Werden, der ich war

Generation kplus

  • Caroline M. Buck
  • Lesedauer: 3 Min.

Das Leben ist nicht einfach in Ladakh. Kalt ist es, arm ist man, und als ob das nicht reichte, ist der junge Padma Angdu noch besonders gefordert: Mit fünf war er, den seine Mutter eigentlich aus Gesundheitsgründen hatte abtreiben sollen, als Reinkarnation eines buddhistischen Weisen erkannt worden. In einem Alter, in dem andere mit der Schule beginnen, wurde er deshalb vom örtlichen Kloster zum Rinpoche gesalbt. Mönch werden als kleines Kind, und dann auch noch Heiliger - eine ziemliche Zumutung.

Was aber, wenn aus dem Kloster, in dem Angdu in einer früheren Inkarnation gelehrt haben soll, nun keiner kommt, ihn dorthin zurückzuführen? Das nämlich liegt in Tibet, ist chinesisch besetzt und gar nicht zugänglich für einen Nachwuchsmönch und angehenden Lehrmeister. Im örtlichen Kloster in Ladakh aber kann Angdu nicht lebenslang ausharren und auf eine Änderung der geopolitischen Verhältnisse warten. Dort gibt es bereits einen Rinpoche - und welches Kloster könnte schon zwei Äbte brauchen?
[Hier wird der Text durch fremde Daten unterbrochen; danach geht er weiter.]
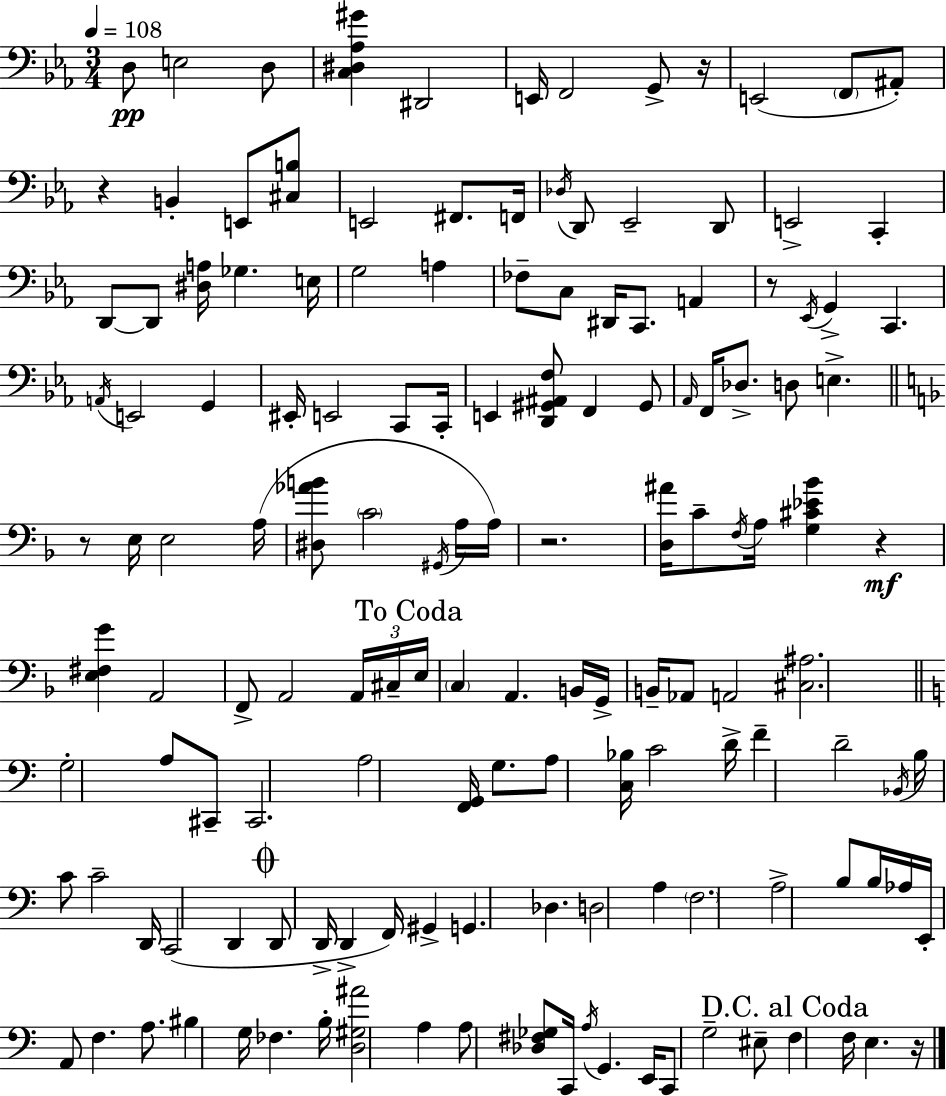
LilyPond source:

»Becoming Who I Was«, werden, der ich war - für Angdu wird das ein ziemlich weiter Weg sein, vom traditionellen Dorfdoktor und buddhistischen Repetitor treu begleitet, der sich mit Fürsorglichkeit, guten Ratschlägen, Demut und Gelächter dieser neuen Lebensaufgabe annimmt. Bis er kränkelt - und Angdu zunehmend an seiner exponierten Isoliertheit verzweifelt. Zunächst führt sein Weg zurück ins örtliche Kloster: zum Lernen, nicht zum Lehren. Dann aber machen der Doktor und er sich auf die Reise über die indische Ebene und Sikkim Richtung Tibet, ein Meister auf der Suche nach seinen Schülern.

Die Dokumentarfilmer Moon Chang-Yong und Jin Jeon stammen nicht aus Ladakh, sondern aus Südkorea. Ihre bildstarke, detaillierte Langzeitbeobachtung gehört trotzdem zum Besten, was in diesem Genre bisher zu sehen war. Filme zu Spielarten des Themas »Hilfe, mein Sohn ist ein buddhistischer Heiliger« gibt es nämlich eine ganze Menge - dieser hier ist eine echte Perle. Ein berührender Film über Menschlichkeit und das Eintreten füreinander, ganz diesseits vom Glauben an Reinkarnation und Sendung.

Was die Zukunft bringen wird, ist eine häufige Frage in den Filmen für Kinder im vorpubertären Alter bei »Generation kplus«. Kindheit ist hier selten reine Idylle, selbstvergessene Spielwiese oder völlig unbeschwert. Oft ist sie bloß Übergangsstadium ins spätere Leben wie für Angdu. Eine Zeit der Orientierung zwischen Welten wie für den jungen Ady, der in Frankreich aufwuchs und sich plötzlich bei der Verwandtschaft in Burkina Faso wiederfindet, im französischen Spielfilm »Wallay« des Wahl-Burkinaben Berni Goldblat. Oder eine Zeit der Ausgrenzung, der autoritären Verhältnisse und Einsamkeit wie in »Shi Tou« von Xiang Zhao, einem anderen nah an der Realität inszenierten Spielfilm. Der spielt in einer Schule im dörflichen China, unter lauter Söhnen von Wanderarbeitern, die in der fernen Stadt ihr und ihrer Kinder Glück zu verdienen suchen. Und stattdessen eine ganze Generation von Waisenkindern schaffen.